Beginning with the line that holds "Kingston Fury Beast", copy each line to the end of the records exactly, except the pictures.

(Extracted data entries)
++++++++++++++++++++

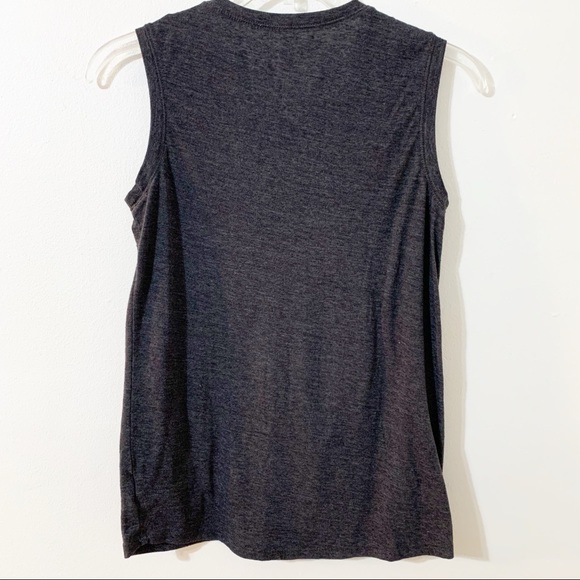 Old Navy Active Graphic Run Exercise Tank Top Tee Run on the Wild Side Girls XL - Picture 3 of 6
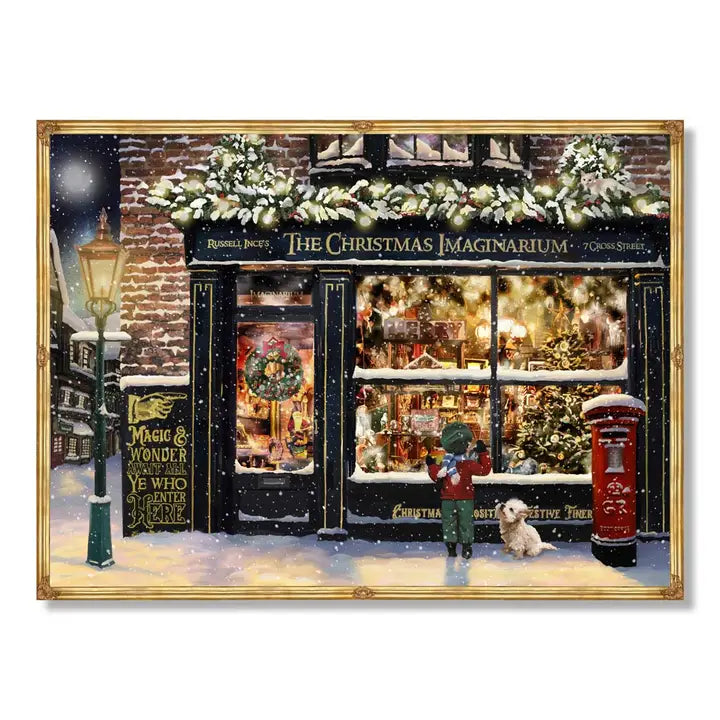 Advent Calendar The Xmas Imaginarium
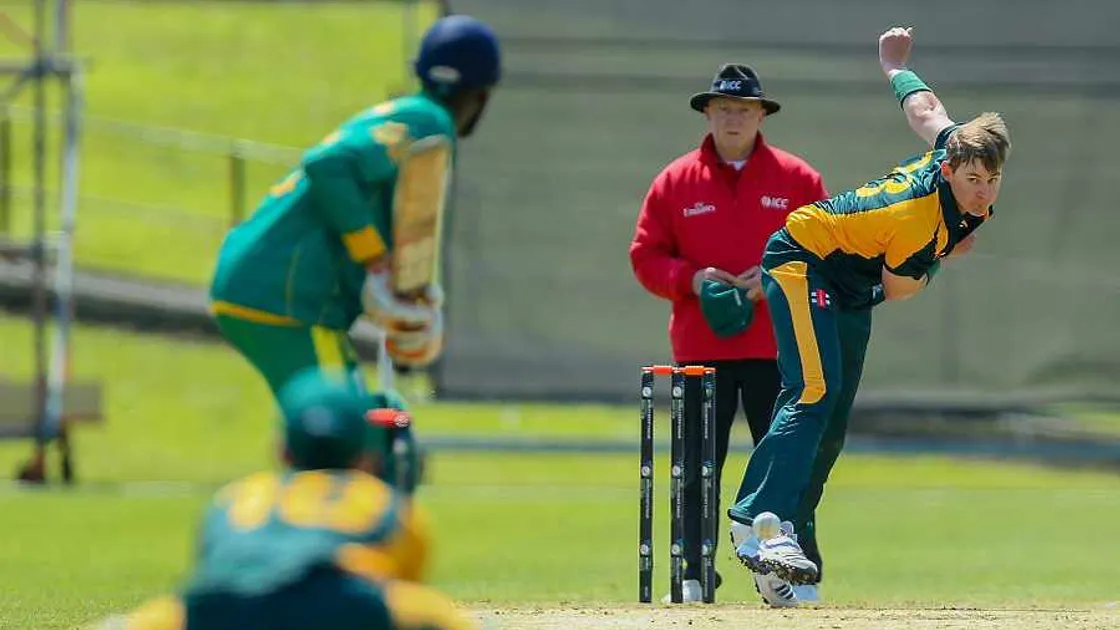 Guernsey dominate against Nigeria to maintain their perfect record in WCL5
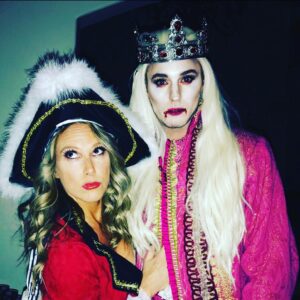 Trevor Duke-Moretz Instagram - Let’s leave Halloween to the professionals... 🎃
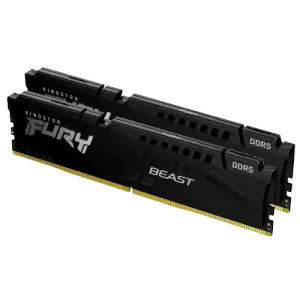 Kingston Fury Beast KF552C40BBK2-64 Memorija DDR5 64GB 5200MHz (2x32)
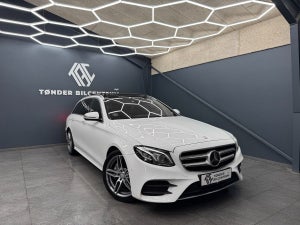 Mercedes E220 d, modelår 2016, 218,000 km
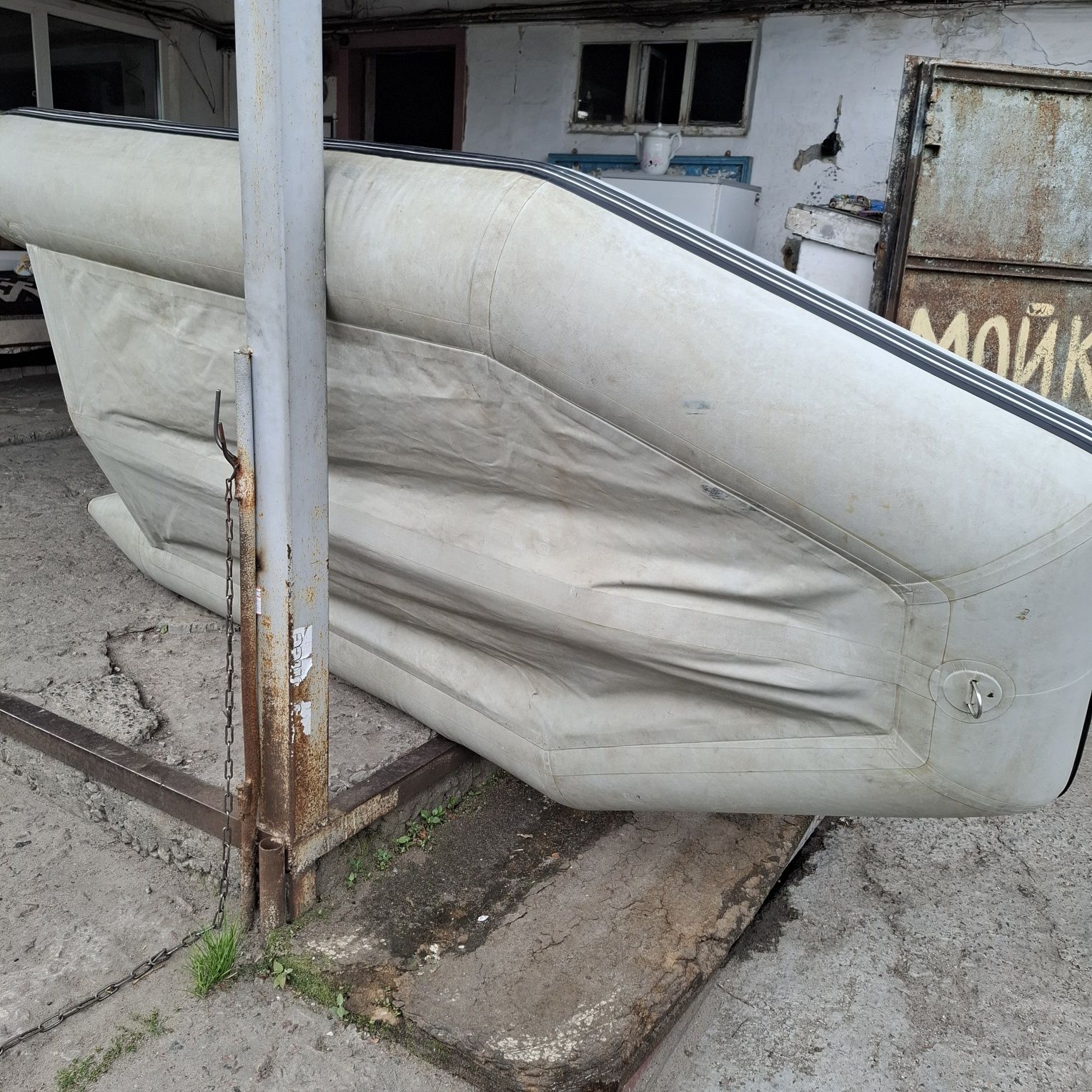 Продам лодку ПВХ Бриг 315 и 350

++++++++++++++++++++

• **Output**:
 Kingston Fury Beast KF552C40BBK2-64 Memorija DDR5 64GB 5200MHz (2x32)
 Mercedes E220 d, modelår 2016, 218,000 km
 Продам лодку ПВХ Бриг 315 и 350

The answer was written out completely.